# What you are asked to do
Every line below between the line holding "Revisieset Monovork Piaggio" and the line holding "10 Mott Street, Johnston, RI 02919", inclusive, should be repeated exactly, and all other lines omitted.

# Information
----

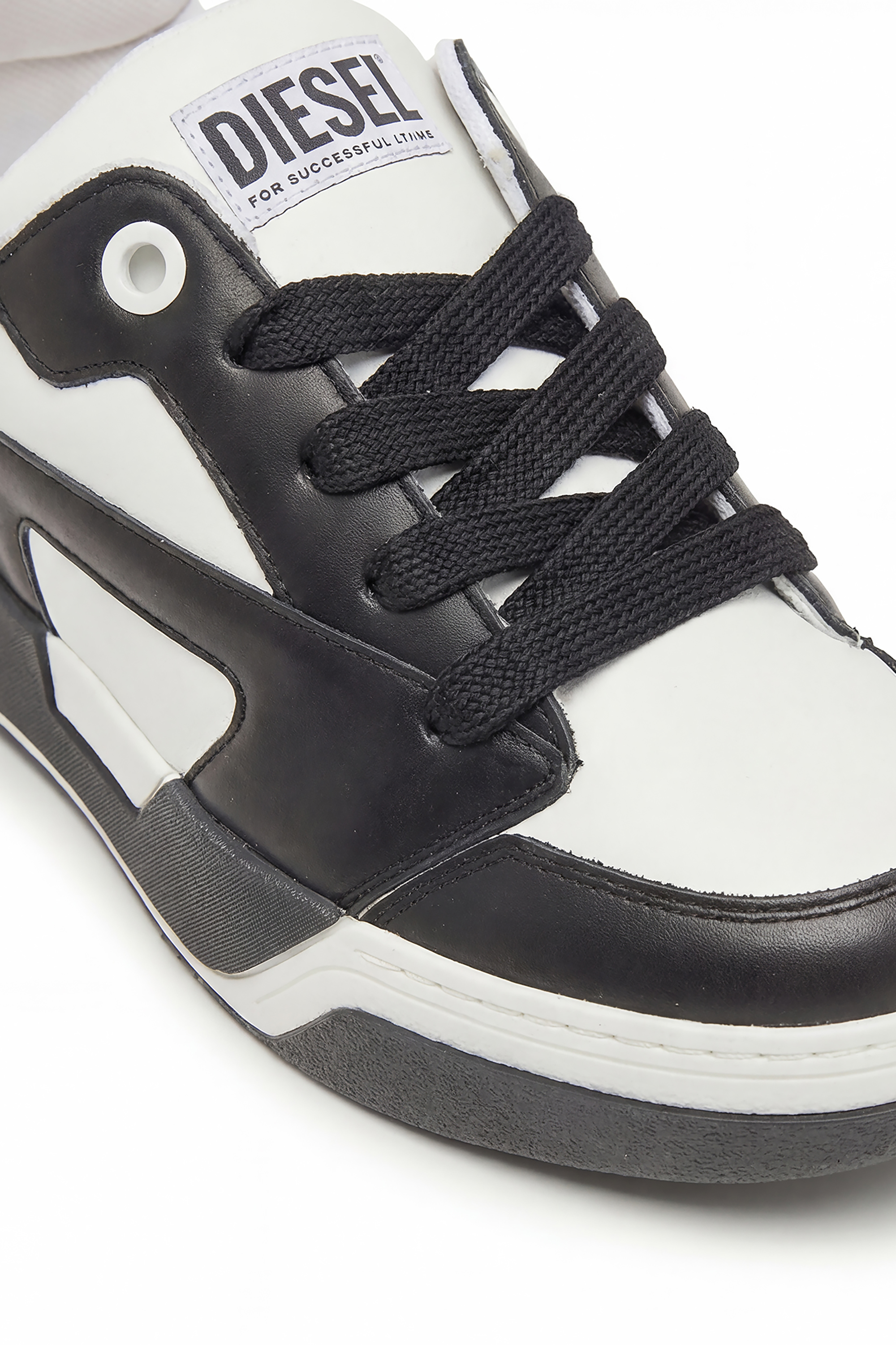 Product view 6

----

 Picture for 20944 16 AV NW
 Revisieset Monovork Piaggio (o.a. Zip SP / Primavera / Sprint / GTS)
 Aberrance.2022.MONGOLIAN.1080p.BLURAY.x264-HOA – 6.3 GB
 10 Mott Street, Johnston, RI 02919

----

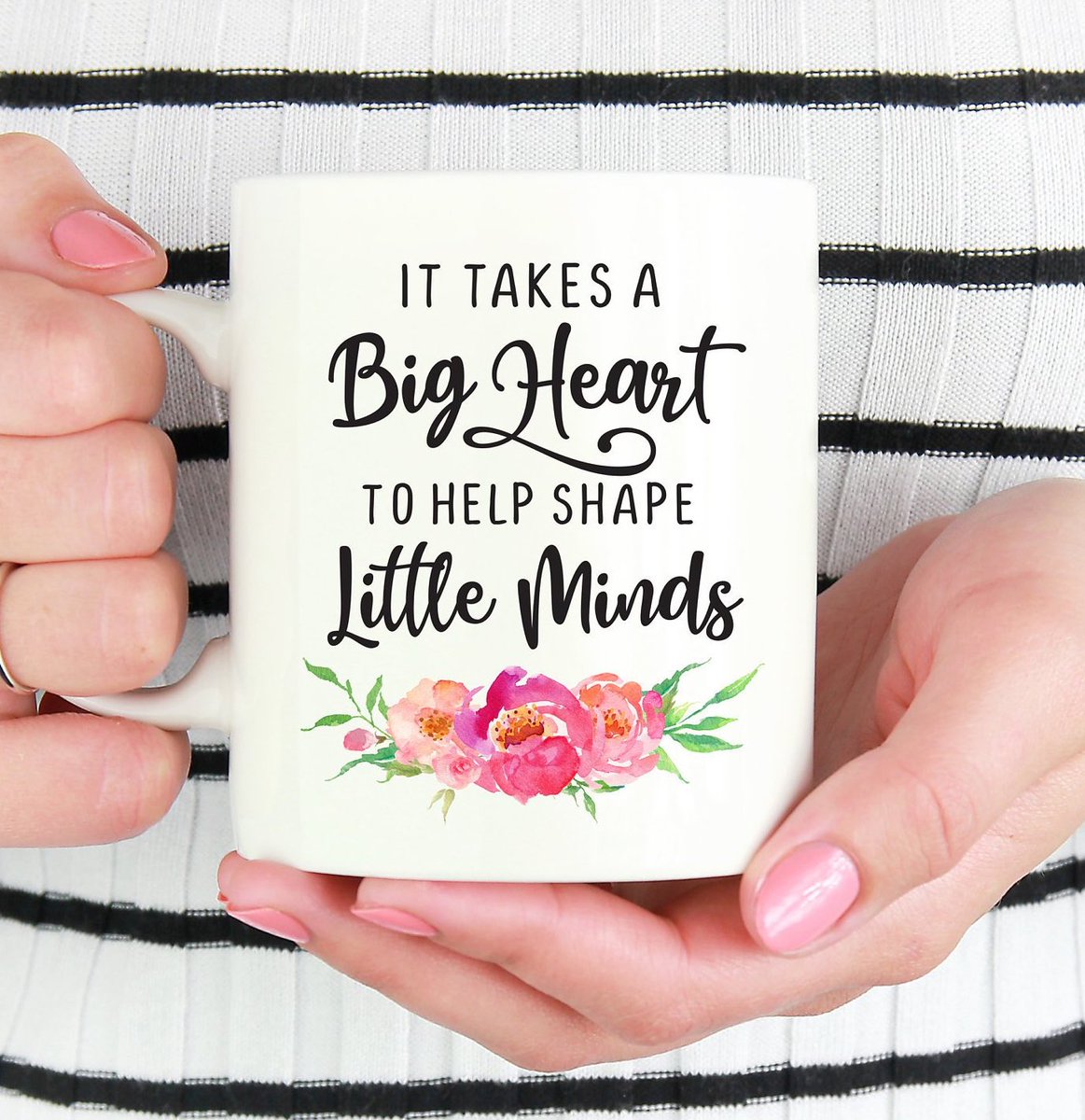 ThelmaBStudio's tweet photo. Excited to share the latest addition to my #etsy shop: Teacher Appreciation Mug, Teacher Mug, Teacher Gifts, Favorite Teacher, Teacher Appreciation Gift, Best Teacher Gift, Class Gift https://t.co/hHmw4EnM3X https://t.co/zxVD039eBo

----

# Result of this exercise
 Revisieset Monovork Piaggio (o.a. Zip SP / Primavera / Sprint / GTS)
 Aberrance.2022.MONGOLIAN.1080p.BLURAY.x264-HOA – 6.3 GB
 10 Mott Street, Johnston, RI 02919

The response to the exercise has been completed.